DERMATOLOGICAL TRACKING OF CHRONIC ACNE

Authors

  • Sergiu Lucut Ph.D. Student, Human Performance Laboratory, University of Calgary
  • Michael Smith

Abstract

INTRODUCTION

Acne is a condition with severe physical and psychological implications on chronic sufferers, affecting approximately 80 percent of people between the ages of 11 and 30, at some point in their lives. The purpose of the research was to create a prototype that has the potential track changes in the condition for a person suffering from acne, in order to provide an accurate and standardized tool of assessment. Such a tool would be useful in both clinical and research settings where qualitative and quantifiable results are needed [1]. These are normally hard to obtain due to the low reproducibility and high subjectivity of the assessment which often leads to high inter and intra variability in graders.

METHODS

Images of (20) patients with healthy skin, acne, and other conditions similar in appearance to acne were used to test the algorithm, LS-KMC, that is explained in the schematic in Figure 1. The left side outlines the previous method based on Ramli et al.’s work [2], RMH-KMC, for comparison.

RESULTS

The results show that LS-KMC outclasses the previous system, not just by its ability to automatically characterize the condition in the region of interest (ROI), but also by achieving higher scores across all relevant metrics in 19 of the 20 cases.

DISCUSSION AND CONCLUSIONS

We proposed a new acne recognition approach to extend the previous k-clustering method proposed by Ramli et al. to introduce a higher level of computer aided support for providing acne scores.

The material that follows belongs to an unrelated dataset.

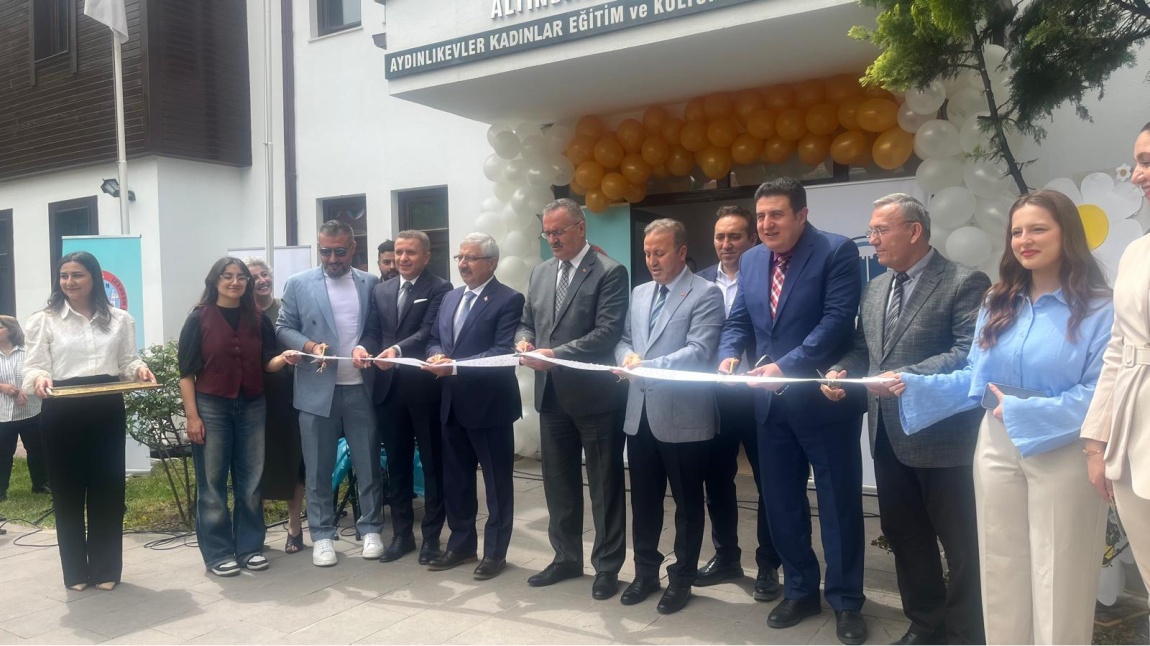 Hayat Boyu Öğrenme Haftası Sergi Etkinliğimiz gerçekleştirildi.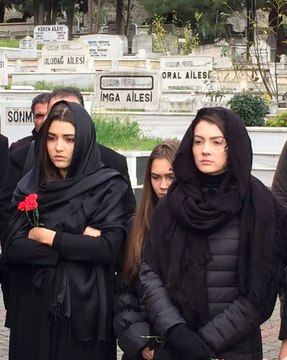 نجوم تركيا يدعمون هاندا ارتشيل بعد وفاة والدتها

The new algorithm includes a number of steps to automate the identification and classification of acne features. Previously used metrics failed to take into account the nature of the condition and lead to unrealistically high success rates. A new metric, Characterization Sensitivity, was proposed for identifying the relative success of acne recognition algorithms. The metric uses a weighted area technique with assigned coefficients to the areas of the lesions based on the Michaelson grading scale [3]. The results showed that the proposed Lucut-Smith k-clustering algorithm performs much better than the previous systems.

Author Biography

Sergiu Lucut, Ph.D. Student, Human Performance Laboratory, University of Calgary

I am a PhD Student working in Walter Herzog's lab. My research aims to clarify if obesity is an independent risk factor for Osteoarthritis using a preclinical animal model. Understanding how low-level systemic inflammation affects joints and muscle tissue can help us identif early targeted treatment strategies and assist in preventing the onset and progression of joint disease. There are many incredible resources for undergraduates in Alberta to participate in research. My goal is to help facilitate the transaltion of undergraduate research projects into print by increasing the impact, scope, and contributors to JURA during my term as co-editor.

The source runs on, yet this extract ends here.